«Светлый человек, правда?» – слышим иногда. Восклицаем: «Как светло-то на душе стало!» Или: «Глянь, как светится», – обращаем внимание на человека, чьи глаза лучатся (опять же, слово-то какое солнечное!) радостью, добротой, приветливостью.
«Со слезами прошу и молю вас, – увещевает св. Алексий Мечев, – будьте солнышками, согревающими окружающих вас, если не всех, то семью, в которой Господь вас поставил членом. Будьте теплом и светом для окружающих; старайтесь сперва согревать собою семью, трудитесь над этим, а потом эти труды вас так завлекут, что для вас уже узок будет круг семьи, и эти теплые лучи со временем будут захватывать все новых и новых людей, и круг, освещаемый вами, будет постепенно все увеличиваться и увеличиваться; так старайтесь, чтобы светильник ярко горел.Всех объять любовью может только Господь, а поэтому полюбить всех мы можем только через Христа.Мы должны подражать любви Божией. Случай сделать кому-нибудь добро – это есть милость Божия к нам, поэтому мы должны бежать, стремиться всей душой послужить другому. Истинно и твердо верующий, входя в общение с Господом, приобретает любовь Божественную. В общении с Господом объединяются семьи и государства.Любовь приобретается путем работы над собой, путем насилия над собой и путем молитвы».
Странно, казалось бы, слышать, что любовь приобретается «путем насилия над собой». Но об этом свидетельствует весь аскетический опыт. Причина внутреннего сопротивления нашего Божественной любви не столько во внешних факторах, сколько в плотском устроении нашем, противящемся всему небесному и святому. Мы склонны тянуться к любви естественной – эротической, дружеской, родовой, но к любви духовной мы не стремимся, потому что земное в нас противится небесному, падшее – святому. Свято же лишь то, что в Боге и от Бога непосредственно исходит, потому что Бог – свят.

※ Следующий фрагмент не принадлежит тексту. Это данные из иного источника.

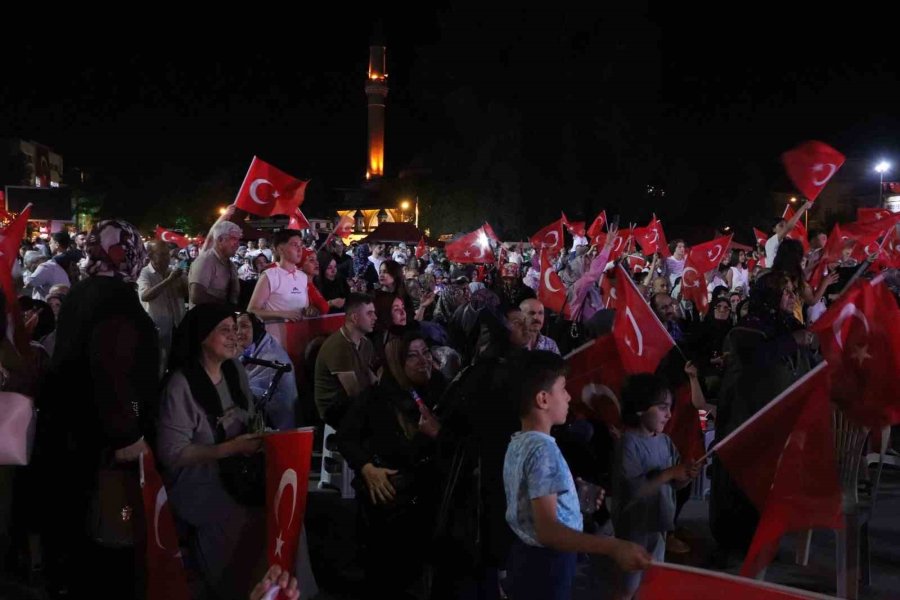 Karaman’da "15 Temmuz Demokrasi Ve Milli Birlik Günü" Etkinlikleri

Святость – это исключительно Божие свойство. Один только Он – свят по Своей природе. Все и всё святое святится Его святостью, в понятии которой «концентрируются основные руководящие принципы и цели Божественного Откровения» (свящ. Павел Флоренский).
«…Свет во тьме светит, и тьма не объяла его» (Ин. 1; 5), – благовествует нам Апостол любви. «Кто светел, тот и свят», – поет Борис Гребенщиков, формулируя распространенное понимание взаимосвязи светлости и святости. Распространенное и ошибочное, чтоб не сказать, лукавое. Потому что не только «не все то золото, что блестит», но и не все то свято, что светится.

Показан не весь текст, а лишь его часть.